The nonprofit sector has a long history and culture of underinvesting in talent. In the name of financial stewardship and the doctrine of mission, nonprofit employees have existed within a culture where working harder for less money is a badge of honor. As admirable as this commitment to working for the benefit of our communities and others has been, over time the ratchet effect of lower wages in ever tightening budgets, lack of investment in professional development, and the organic burgeoning of nonprofit roles in which people continue to take on more and more responsibility without increase in compensation has led to the sector falling far behind in talent compensation.
Beyond the obvious issue of fairness in compensation, this long-term underinvestment in talent threatens to collide with the low unemployment in our country currently, growth in the number of nonprofits, increased competition for funds, and an aging leadership population in the nonprofit world. The result? A perfect storm of events setting up a climate of tough competition for talent. Add to that the fact that employees cite a lack of growth and development opportunities as one of their top reasons for leaving an organization, and the lack of investment on multiple fronts over the last decades, is suddenly catching up to us.
According to Stanford Social Innovation Review, “the majority of our survey respondents (57 percent) attributed their retention challenges at least partially to low compensation, an issue that can feel daunting to many nonprofits. Lack of development and growth opportunities ranked next, cited by half of respondents as a reason that leaders leave their organizations (Landles-Cobb et al.).”
Nonprofits that fail to invest time, energy and resources into developing their existing talent will begin to see them depart. Nonprofits that fail to bring their employee compensation structures into a solid market range will begin to lose valuable talent and will struggle to fill empty positions without increasing the salary for that position. When you consider the high financial and opportunity costs of losing a key player, you are left to believe it would be more fiscally responsible and much more beneficial to your organization as a whole to raise salaries to proactively mitigate the loss of great employees. Additionally, prophylactic investment of time and money into professional development can alleviate turnover concerns while further growing the talent you need to achieve your mission and develop a pipeline of future leaders.
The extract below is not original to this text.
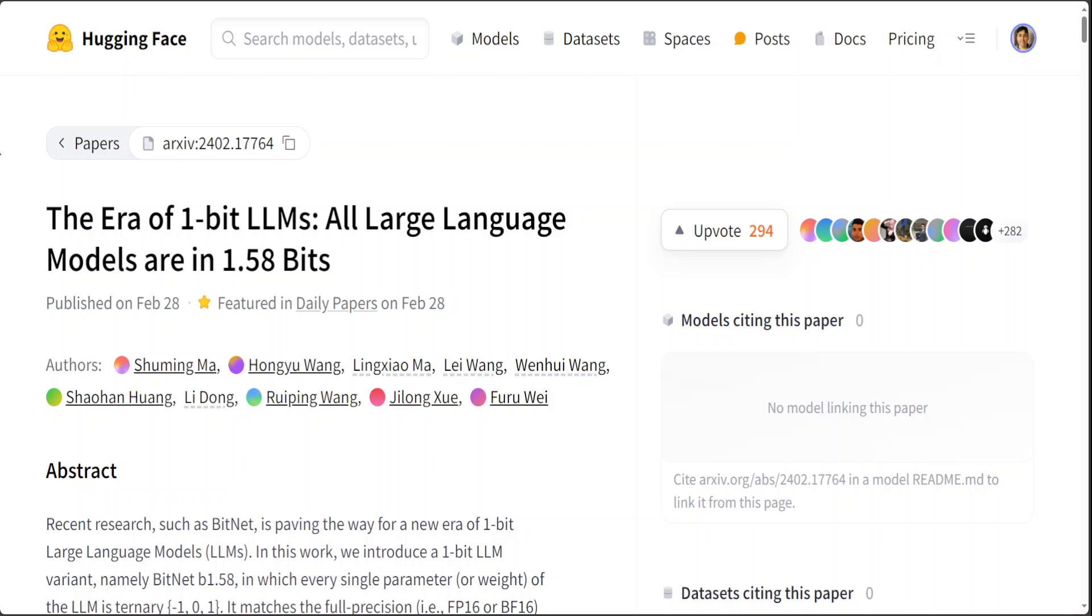They trained on 100 billion tokens of RedPajama dataset and compared against equivalent trained Llama models with the same data. They also trained an additional 3 billion model on 2 trillion tokens to compare with StableLM 3 billion. Already the results show that 1.58 models equal or outperform unquantized models above 3 billion size. In my previous video, I went into a bit more detail around what sort of improvement has been done and what exactly the improvement did in terms of these 1.58 bits 1-bit LLMs.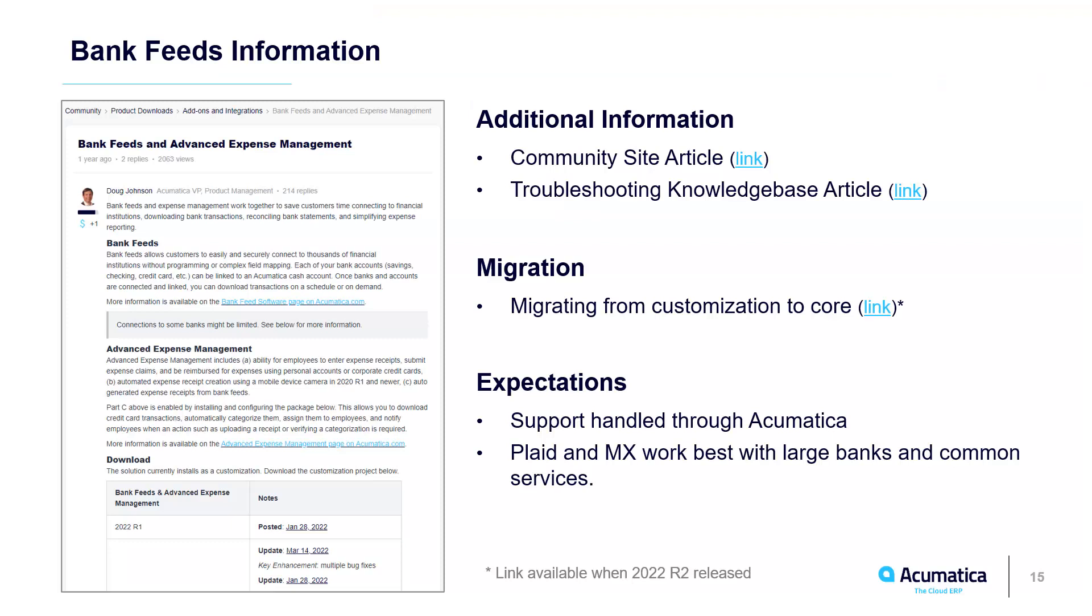Additional information on bank feeds is located on our community site. We'll have a semi-automated migration process which you can use to migrate from the customization version of bank feeds.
People drive results. No organization can outperform its talent. Your people are the key variable for you to achieve your vision – don’t drown in the mindset that you can’t afford to pay your people a market rate or that you can’t invest in their growth. Your organization will pay the cost of either pursuing your goals without the right talent or the cost of turnover. Either way, you risk hobbling your ability to serve your mission.
“The transaction costs alone of finding and attracting a new employee, particularly at the senior level, can be as high as half of her annual salary. But the costs to an organization in productivity, fundraising, and distraction (as members of the board and senior team turn to recruiting and onboarding critical staff positions), can add up to tens or even hundreds of thousands of dollars more (Landles-Cobb et al.).”
The moral of this story? Assess your compensation structures for existing employees and the salaries you offer when hiring new talent. And, create an intentional plan for growth and development for all of your employees. It will take some time on the front end, and you will likely wince at the increase in your budget line for salaries. But…you will set your organization up to more successfully weather the nonprofit talent crisis and allow your team and your nonprofit to thrive.